Le point de vue de Fumio Kyuma, qui est celui de nombreux historiens, n'a pas été récusé sur le fond dans les nombreuses protestations qu'il a provoquées, mais a été très vivement critiqué pour son manque d'égards pour les victimes de l'arme atomique. Cette opinion est peut-être, paradoxalement, une pierre dans le camp des partisans de la normalisation militaire en cours au Japon. L'archipel a fondé sa doctrine pacifiste - gravée dans le marbre d'une Constitution qui lui interdit d'entretenir une armée - sur la singularité d’avoir été la seule nation à avoir subi le feu nucléaire. Or, si la bombe atomique devient une arme presque conventionnelle, en tout cas d’un «usage compréhensible» par un pays en guerre, plus aucun obstacle moral ne semble empêcher le Japon lui-même de l'acquérir.

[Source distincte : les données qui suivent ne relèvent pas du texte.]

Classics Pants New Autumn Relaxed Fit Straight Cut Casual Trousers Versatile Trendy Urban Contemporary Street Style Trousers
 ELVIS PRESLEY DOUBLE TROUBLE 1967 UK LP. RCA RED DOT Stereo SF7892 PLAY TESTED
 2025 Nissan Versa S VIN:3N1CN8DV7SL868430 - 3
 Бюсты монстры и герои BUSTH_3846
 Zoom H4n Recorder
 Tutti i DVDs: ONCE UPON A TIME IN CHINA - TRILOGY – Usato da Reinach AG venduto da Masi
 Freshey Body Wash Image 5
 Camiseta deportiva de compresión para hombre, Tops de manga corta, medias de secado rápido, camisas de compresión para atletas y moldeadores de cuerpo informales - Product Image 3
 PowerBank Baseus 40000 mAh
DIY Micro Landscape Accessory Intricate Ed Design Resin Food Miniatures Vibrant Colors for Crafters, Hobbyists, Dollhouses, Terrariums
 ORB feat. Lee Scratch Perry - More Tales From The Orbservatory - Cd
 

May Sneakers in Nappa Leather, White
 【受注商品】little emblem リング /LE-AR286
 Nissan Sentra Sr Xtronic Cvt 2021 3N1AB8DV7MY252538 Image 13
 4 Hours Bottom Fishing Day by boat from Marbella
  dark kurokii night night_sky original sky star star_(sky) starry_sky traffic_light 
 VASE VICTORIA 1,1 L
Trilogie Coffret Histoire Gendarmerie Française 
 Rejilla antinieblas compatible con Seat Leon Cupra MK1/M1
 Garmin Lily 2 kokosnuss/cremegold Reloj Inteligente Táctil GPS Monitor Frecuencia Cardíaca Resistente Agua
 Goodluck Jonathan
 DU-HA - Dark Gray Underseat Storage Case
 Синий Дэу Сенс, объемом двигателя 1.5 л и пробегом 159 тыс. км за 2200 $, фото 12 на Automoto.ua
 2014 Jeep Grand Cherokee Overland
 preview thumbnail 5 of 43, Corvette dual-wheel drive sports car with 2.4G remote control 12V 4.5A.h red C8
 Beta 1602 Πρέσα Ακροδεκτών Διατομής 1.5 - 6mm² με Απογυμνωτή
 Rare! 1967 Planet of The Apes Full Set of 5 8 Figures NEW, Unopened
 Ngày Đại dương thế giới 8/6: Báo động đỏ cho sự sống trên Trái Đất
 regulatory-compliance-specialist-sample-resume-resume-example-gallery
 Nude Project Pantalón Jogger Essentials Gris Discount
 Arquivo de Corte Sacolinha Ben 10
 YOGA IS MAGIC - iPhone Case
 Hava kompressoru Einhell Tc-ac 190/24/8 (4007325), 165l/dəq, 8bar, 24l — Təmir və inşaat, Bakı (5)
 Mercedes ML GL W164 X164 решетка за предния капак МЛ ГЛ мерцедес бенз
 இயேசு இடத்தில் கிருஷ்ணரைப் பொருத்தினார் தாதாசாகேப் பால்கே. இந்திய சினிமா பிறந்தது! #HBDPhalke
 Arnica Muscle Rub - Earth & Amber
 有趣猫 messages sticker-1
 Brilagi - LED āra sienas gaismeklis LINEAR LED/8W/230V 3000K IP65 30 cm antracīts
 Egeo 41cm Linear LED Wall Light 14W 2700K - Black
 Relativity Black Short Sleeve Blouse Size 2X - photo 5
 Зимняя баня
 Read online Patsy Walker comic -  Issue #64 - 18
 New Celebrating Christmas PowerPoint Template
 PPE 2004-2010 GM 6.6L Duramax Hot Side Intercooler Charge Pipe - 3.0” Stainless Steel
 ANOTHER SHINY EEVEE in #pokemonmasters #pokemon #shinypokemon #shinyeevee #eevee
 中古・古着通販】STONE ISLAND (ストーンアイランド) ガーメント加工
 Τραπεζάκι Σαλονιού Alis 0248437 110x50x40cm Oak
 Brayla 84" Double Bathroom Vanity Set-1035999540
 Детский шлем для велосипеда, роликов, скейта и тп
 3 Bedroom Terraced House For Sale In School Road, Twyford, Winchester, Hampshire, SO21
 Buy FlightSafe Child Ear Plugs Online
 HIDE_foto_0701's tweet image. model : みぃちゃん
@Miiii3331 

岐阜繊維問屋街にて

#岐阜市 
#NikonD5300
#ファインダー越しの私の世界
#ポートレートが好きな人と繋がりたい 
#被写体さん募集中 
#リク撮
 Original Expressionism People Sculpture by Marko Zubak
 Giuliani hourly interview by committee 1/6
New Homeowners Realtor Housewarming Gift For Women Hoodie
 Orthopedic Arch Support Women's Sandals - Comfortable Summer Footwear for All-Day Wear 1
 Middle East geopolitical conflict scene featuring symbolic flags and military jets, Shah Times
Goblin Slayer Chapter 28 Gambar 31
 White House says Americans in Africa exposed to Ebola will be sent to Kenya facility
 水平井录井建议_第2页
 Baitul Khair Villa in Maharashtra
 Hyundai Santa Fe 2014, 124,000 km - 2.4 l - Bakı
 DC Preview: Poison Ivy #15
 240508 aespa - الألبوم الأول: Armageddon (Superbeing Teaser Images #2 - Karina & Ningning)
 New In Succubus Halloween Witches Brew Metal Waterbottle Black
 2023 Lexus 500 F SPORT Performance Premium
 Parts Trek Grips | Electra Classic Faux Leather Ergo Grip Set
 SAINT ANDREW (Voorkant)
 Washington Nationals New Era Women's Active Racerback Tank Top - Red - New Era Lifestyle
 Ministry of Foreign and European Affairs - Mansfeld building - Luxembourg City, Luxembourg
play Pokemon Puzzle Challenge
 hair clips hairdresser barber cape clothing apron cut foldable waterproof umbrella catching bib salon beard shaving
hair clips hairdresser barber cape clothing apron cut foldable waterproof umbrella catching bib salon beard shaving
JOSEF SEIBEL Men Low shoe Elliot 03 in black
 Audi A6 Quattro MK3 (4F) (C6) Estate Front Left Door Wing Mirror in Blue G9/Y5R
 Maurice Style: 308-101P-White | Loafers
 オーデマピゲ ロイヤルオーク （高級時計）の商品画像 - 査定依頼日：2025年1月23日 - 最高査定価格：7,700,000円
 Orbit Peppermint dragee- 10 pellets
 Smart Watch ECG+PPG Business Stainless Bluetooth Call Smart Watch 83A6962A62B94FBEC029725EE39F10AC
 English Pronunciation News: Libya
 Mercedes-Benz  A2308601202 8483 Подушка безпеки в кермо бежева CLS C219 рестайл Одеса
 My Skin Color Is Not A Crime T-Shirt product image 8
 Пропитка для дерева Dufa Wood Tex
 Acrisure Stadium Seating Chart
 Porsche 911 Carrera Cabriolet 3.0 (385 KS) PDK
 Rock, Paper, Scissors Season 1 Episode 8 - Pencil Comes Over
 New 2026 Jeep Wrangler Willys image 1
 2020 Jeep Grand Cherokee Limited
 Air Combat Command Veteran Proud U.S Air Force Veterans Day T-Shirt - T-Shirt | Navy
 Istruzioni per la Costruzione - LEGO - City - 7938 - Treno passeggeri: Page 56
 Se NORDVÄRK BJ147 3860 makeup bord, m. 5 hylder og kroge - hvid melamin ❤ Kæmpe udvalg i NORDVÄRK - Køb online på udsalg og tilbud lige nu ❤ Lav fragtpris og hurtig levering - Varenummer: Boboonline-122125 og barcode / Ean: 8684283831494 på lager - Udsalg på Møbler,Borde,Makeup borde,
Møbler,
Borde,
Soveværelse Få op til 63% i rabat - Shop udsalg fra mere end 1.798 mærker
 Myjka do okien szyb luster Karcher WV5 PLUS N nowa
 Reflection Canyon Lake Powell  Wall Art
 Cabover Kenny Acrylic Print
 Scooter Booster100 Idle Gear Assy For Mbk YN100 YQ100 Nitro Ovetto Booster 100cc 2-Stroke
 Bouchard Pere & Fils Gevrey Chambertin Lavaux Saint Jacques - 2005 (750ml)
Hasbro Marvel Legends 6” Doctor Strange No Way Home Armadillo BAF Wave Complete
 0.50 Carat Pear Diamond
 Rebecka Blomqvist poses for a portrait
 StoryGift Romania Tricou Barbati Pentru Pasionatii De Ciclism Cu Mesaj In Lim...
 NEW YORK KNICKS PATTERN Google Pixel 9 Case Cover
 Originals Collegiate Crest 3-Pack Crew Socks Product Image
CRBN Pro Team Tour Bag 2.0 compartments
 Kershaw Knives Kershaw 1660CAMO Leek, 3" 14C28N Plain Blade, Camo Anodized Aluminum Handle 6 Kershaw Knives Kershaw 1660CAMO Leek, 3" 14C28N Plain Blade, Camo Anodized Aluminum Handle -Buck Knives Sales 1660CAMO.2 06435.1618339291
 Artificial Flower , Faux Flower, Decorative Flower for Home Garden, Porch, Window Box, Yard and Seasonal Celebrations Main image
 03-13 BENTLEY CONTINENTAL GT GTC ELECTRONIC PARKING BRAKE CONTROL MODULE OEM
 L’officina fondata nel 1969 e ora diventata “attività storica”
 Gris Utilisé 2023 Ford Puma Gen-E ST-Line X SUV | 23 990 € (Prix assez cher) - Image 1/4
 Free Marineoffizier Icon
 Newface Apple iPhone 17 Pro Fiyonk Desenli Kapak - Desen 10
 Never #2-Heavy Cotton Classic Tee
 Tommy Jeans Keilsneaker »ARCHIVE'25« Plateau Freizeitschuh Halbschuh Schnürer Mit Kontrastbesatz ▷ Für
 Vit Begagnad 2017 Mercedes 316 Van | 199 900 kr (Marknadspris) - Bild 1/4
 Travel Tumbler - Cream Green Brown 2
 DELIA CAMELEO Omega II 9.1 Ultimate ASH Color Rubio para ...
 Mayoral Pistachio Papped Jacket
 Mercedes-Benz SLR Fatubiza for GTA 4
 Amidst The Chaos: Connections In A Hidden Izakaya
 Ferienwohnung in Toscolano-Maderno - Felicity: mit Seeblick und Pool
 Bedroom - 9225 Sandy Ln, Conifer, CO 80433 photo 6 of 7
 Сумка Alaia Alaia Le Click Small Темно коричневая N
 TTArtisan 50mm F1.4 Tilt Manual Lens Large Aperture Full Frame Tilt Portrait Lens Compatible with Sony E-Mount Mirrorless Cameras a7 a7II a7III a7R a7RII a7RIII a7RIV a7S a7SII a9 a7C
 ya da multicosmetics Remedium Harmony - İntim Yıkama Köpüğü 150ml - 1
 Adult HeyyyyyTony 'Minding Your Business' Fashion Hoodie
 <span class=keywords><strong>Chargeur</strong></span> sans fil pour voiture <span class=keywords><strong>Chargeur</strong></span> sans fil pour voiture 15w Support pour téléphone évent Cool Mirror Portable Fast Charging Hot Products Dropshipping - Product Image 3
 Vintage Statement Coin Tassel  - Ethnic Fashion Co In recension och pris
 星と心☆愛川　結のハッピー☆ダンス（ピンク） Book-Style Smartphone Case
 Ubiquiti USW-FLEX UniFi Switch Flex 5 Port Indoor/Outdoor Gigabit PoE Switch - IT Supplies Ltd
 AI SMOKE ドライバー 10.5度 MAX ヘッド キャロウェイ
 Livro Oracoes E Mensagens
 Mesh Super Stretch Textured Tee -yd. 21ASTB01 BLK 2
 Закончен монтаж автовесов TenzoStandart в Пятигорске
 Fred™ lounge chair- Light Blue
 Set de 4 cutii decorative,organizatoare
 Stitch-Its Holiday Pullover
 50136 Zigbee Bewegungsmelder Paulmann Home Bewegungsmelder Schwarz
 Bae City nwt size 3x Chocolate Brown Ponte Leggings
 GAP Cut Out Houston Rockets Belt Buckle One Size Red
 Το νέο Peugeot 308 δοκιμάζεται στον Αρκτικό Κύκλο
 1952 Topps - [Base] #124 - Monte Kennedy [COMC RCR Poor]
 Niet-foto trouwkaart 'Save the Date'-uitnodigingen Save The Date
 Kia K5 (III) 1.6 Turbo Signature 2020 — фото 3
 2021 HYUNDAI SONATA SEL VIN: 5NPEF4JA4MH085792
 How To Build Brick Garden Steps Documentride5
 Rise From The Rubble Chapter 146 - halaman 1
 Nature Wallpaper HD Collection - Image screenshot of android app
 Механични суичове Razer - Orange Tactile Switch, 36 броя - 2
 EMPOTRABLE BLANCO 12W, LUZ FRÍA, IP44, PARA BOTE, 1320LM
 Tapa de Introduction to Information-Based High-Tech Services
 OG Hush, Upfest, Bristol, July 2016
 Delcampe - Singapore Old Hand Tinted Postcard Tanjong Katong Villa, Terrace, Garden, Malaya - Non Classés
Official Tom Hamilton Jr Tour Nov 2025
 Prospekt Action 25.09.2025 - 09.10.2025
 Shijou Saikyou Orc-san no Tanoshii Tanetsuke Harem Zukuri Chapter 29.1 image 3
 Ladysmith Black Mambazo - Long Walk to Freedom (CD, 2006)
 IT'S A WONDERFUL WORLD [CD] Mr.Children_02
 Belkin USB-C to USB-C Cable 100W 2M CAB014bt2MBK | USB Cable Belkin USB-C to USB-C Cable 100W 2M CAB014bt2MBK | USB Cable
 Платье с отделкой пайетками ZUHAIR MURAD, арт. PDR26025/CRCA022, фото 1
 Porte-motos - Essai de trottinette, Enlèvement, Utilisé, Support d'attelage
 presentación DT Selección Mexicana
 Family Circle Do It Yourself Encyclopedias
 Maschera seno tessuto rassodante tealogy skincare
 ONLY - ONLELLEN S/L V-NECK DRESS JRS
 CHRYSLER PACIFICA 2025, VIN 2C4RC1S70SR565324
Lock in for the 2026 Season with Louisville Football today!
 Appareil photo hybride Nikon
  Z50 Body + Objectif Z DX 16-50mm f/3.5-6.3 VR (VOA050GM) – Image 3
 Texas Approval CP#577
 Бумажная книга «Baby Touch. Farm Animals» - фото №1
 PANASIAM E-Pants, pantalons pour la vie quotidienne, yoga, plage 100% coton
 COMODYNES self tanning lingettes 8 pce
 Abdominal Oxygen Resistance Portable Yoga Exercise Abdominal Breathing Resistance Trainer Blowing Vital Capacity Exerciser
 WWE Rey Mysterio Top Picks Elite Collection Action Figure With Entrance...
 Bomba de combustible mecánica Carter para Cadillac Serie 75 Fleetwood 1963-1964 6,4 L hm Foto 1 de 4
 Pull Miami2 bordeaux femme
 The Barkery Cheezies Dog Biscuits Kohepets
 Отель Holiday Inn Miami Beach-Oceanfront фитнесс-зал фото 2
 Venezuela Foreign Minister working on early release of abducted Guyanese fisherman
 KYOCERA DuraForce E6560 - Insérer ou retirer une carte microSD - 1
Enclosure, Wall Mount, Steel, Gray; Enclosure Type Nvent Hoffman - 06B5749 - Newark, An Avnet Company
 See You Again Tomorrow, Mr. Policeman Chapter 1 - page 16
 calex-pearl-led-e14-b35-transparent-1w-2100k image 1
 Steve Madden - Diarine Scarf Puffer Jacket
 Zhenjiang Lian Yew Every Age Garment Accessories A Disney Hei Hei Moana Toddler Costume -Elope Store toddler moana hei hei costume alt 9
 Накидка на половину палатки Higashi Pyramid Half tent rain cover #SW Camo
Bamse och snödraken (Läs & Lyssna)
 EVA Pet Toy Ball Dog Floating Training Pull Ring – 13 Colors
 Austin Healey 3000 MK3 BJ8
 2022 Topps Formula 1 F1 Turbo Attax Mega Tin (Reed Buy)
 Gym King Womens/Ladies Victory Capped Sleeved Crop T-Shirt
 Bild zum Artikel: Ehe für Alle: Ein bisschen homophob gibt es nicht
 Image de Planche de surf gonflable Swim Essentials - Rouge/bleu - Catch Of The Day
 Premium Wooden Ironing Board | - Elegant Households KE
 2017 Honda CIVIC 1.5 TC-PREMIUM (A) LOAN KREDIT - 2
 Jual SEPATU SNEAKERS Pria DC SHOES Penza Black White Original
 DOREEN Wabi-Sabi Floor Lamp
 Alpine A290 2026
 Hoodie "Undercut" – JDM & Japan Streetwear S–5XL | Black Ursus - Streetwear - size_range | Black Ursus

Fumio Kyuma, après quelques hésitations, a présenté ses excuses pendant le week-end, avant de présenter sa démission aujourd’hui. Attisant la colère populaire après ces déclarations, l'opposition a réclamé la tête du ministre. Le premier ministre Shinzo Abe n'a pas plié, mais il donne l'image d'un chef incapable de faire régner l'ordre dans son équipe. Le 29 juillet, son gouvernement affrontera le suffrage universel à l'occasion d'élections sénatoriales partielles cruciales pour la majorité au pouvoir. Les sondages le donnent en chute libre.